* Action item: Beginning at the top of the data below, write out every line exactly until you reach the line with "绿色系简约农业三夏微信公众号次图", and include that line.

:::::

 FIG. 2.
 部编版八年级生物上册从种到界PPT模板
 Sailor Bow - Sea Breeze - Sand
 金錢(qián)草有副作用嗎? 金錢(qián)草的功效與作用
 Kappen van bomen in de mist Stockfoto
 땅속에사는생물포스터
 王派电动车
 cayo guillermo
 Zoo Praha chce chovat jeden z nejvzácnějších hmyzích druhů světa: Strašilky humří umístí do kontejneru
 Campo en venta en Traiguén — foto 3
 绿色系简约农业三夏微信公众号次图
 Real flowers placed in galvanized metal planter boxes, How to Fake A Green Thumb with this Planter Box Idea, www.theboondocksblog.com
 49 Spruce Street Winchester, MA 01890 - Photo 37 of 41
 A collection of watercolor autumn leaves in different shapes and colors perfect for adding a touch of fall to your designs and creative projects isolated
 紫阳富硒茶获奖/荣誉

:::::

* Exercise result:
 FIG. 2.
 部编版八年级生物上册从种到界PPT模板
 Sailor Bow - Sea Breeze - Sand
 金錢(qián)草有副作用嗎? 金錢(qián)草的功效與作用
 Kappen van bomen in de mist Stockfoto
 땅속에사는생물포스터
 王派电动车
 cayo guillermo
 Zoo Praha chce chovat jeden z nejvzácnějších hmyzích druhů světa: Strašilky humří umístí do kontejneru
 Campo en venta en Traiguén — foto 3
 绿色系简约农业三夏微信公众号次图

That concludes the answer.